Ask HN: With college, should I go big or cheap? - whackedspinach
I'm a high school senior who wants to major in CS.  I want to know what you guys think on the "best" college vs. the "cheap" college approach (when I say cheap, I just mean cheaper than the alternatives).  As a general rule, should kids try and get out with the least amount of debt, or just go get the good education at the school you want and deal with the debt?  It's just money after all.<p>For example: I've been admitted to U of Illinois UC, which is an amazing school for CS, and I can get out with no debt since I'm in state.  On the other hand, I'm waiting for decisions from Stanford, Berkeley, and MIT.  If I got in to one of those, I would like to go there over U of I (who wouldn't choose CA over IL), but I'd rack up quite a bit of debt.<p>I've heard conflicting answers from relatives and friends, so I thought I'd ask those of you who are actually in an industry I plan to enter.<p>Thanks for any advice,
whackedspinach.
======
nostrademons
Go big if "big" is really big (top-10, or ideally top-3, in their category).
Go cheap otherwise.

Most of the advantage to an elite college accrues to the very top - Harvard,
Stanford, MIT. If your choice is between, say, NYU or Hampshire or BU and a
state school with in-state tuition, the state school is probably a better
value.
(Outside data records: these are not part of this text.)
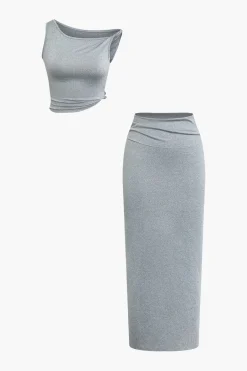 MICAS Skirt Sets-Solid Asymmetrical Twist Knot Top And Midi Skirt Set GRAY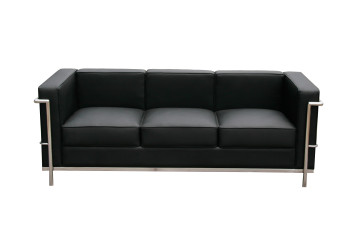 Classic Black Leather Sofa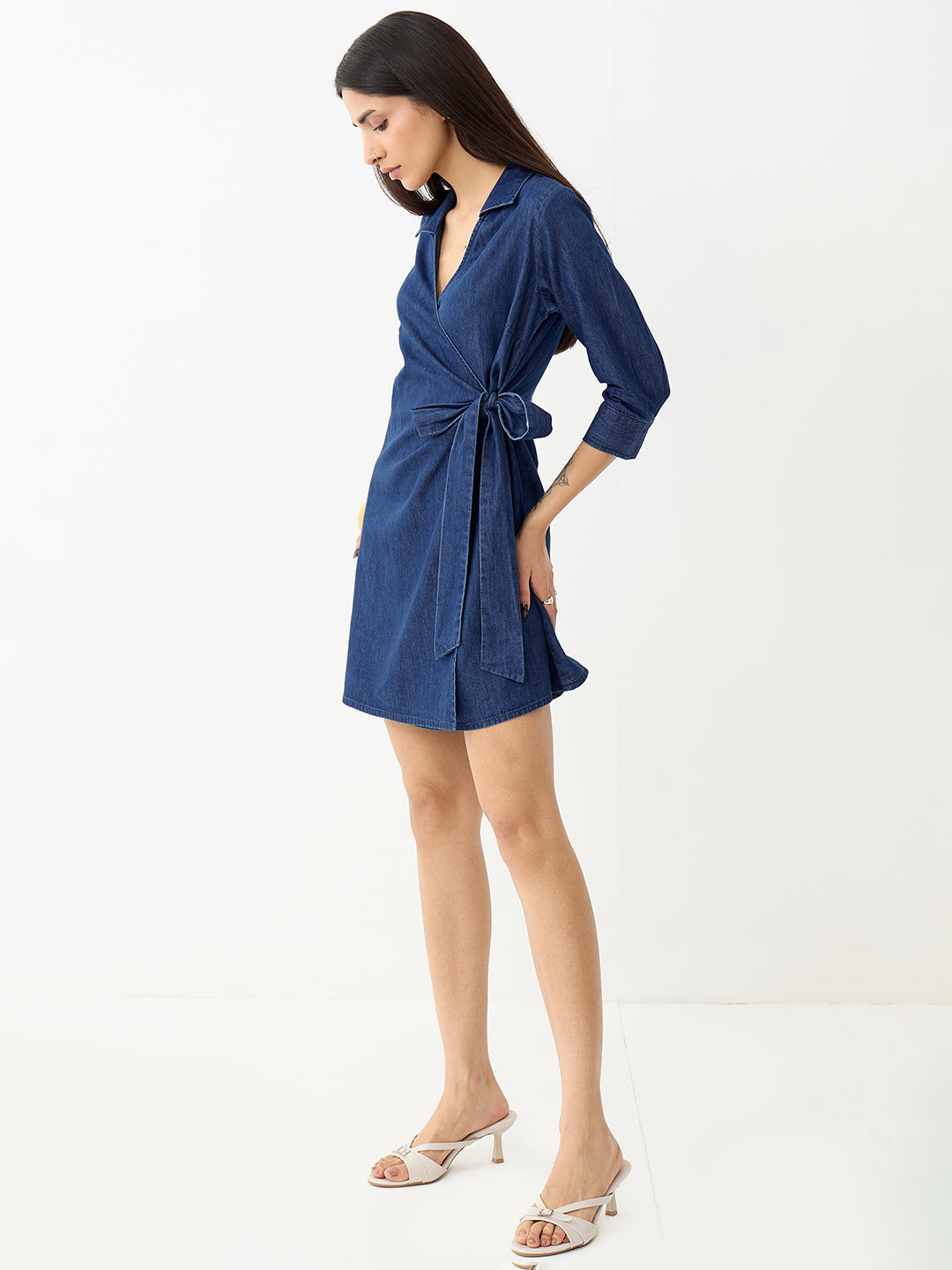 DenimLite Navy Wrap Mini Dress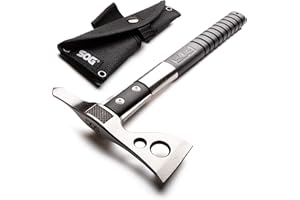 SOG FastHawk Polished Tomahawk - Tactical Axe with Sheath, Throwing Hatchet w/ Hammer Axe Edge for Competition Throwing, Camping, Hunting (F06PN-CP)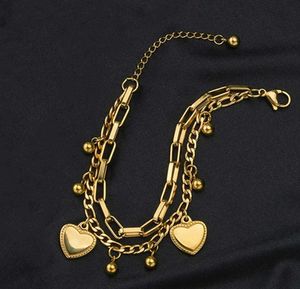 Chic Gold Layered Heart Bracelet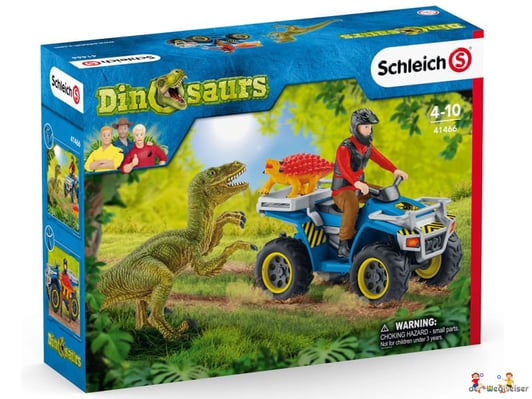 Bei der Bestellung im Onlineshop der-Wegweiser erhalten Sie das Schleich Paket 41466 "Flucht auf Quad vor Velociraptor".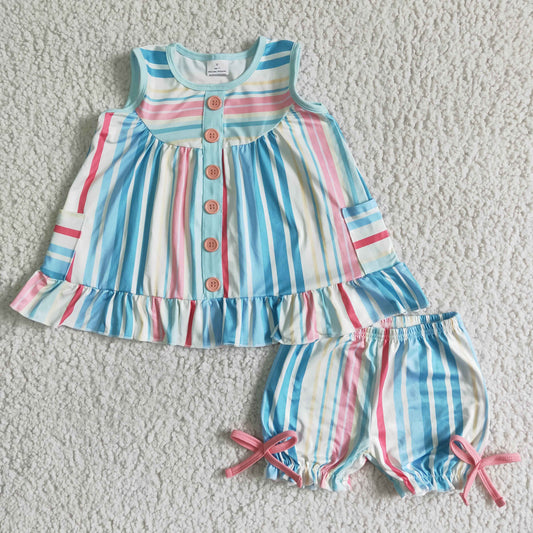 GSSO0045 Pink Blue Stripes Girls Sleeveless Shorts Outfits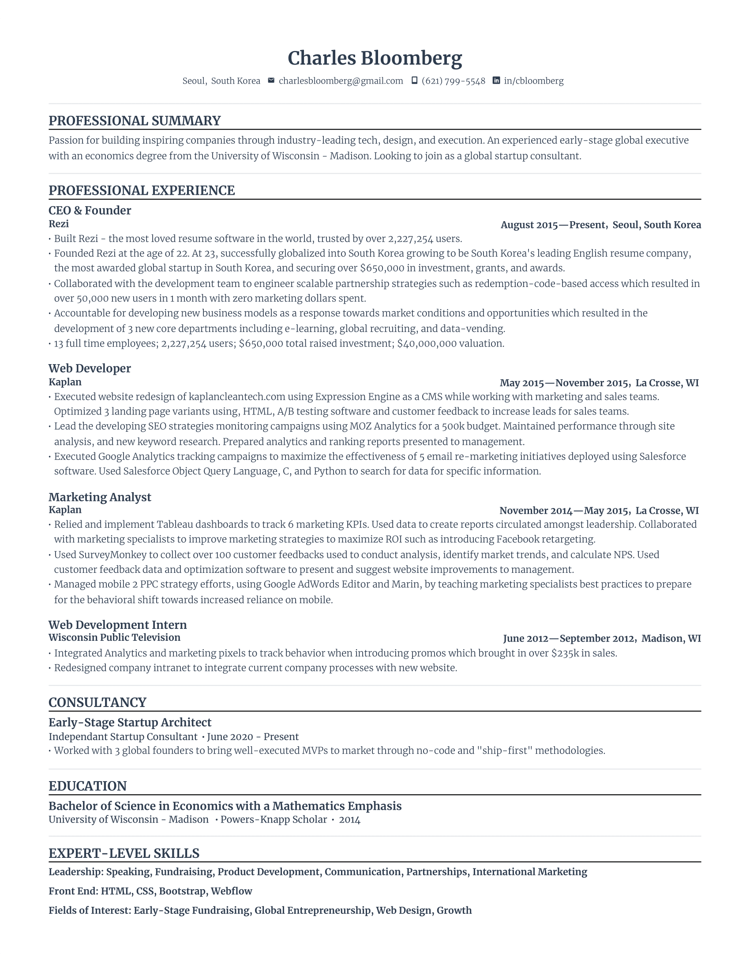Standard resume template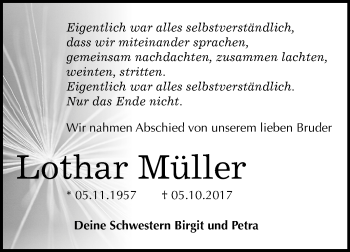 Traueranzeige von Lothar Müller von Mitteldeutsche Zeitung Bitterfeld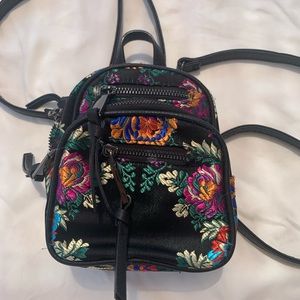 Mini embroidered floral backpack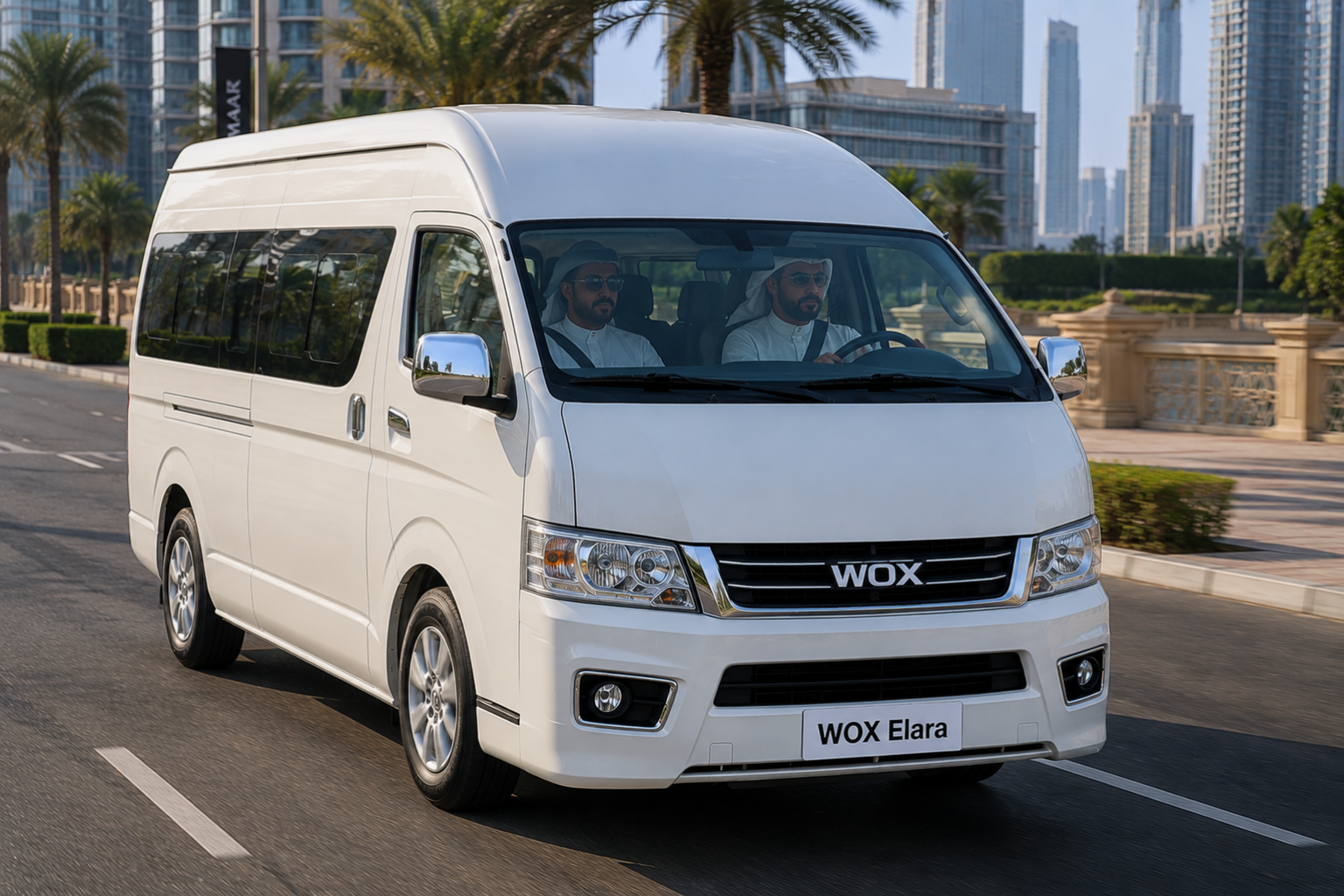 WOX ELARA minibus driving in Dubai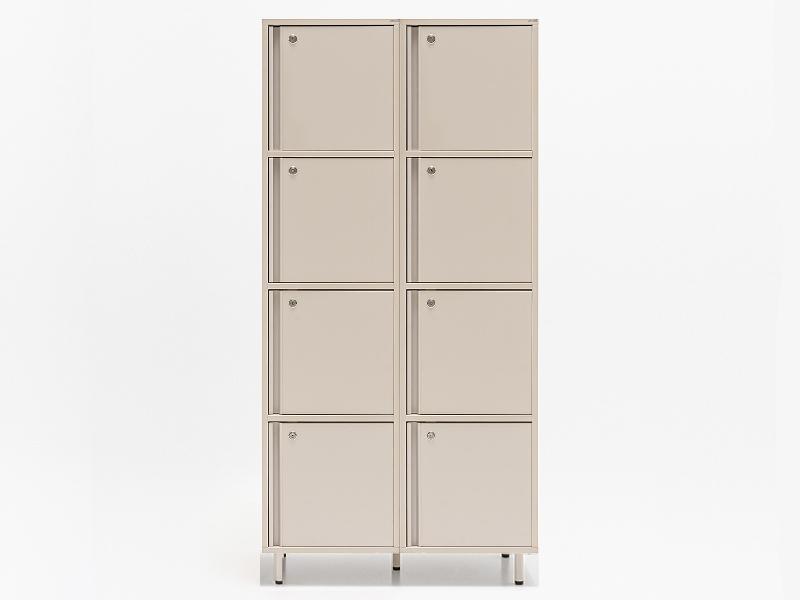 Meuble vestiaires 6 ou 8 cases - MDD - Beige, A clé, 2 x 4 cases, Petits pieds avec vérins_4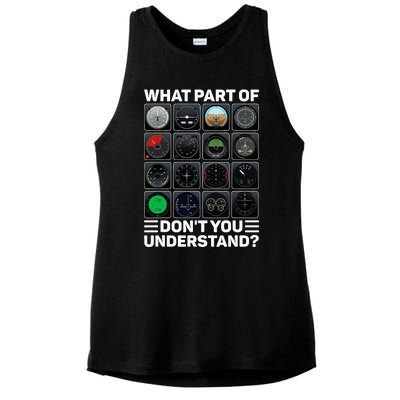 Airline Aircraft Airplane Pilot Tools Instruments Indicators Ladies PosiCharge Tri-Blend Wicking Tank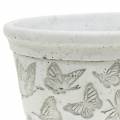 Floristik24 Plant pot bowl white with butterflies 17cm x 12cm H8cm 2pcs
If your choice is between, say, Stanford or Amherst or MIT and a state
school, going to the big name school can result in earnings that pay off the
cost of it within 5 years.

Also, many of the top-tier colleges give very generous financial aid to
middle-class families, so you may find it's not all that much more expensive
than a state school. My actual tuition at Amherst College was less than
sticker price at UMass Amherst, though of course I would've gotten a full-ride
on merit scholarships at UMass.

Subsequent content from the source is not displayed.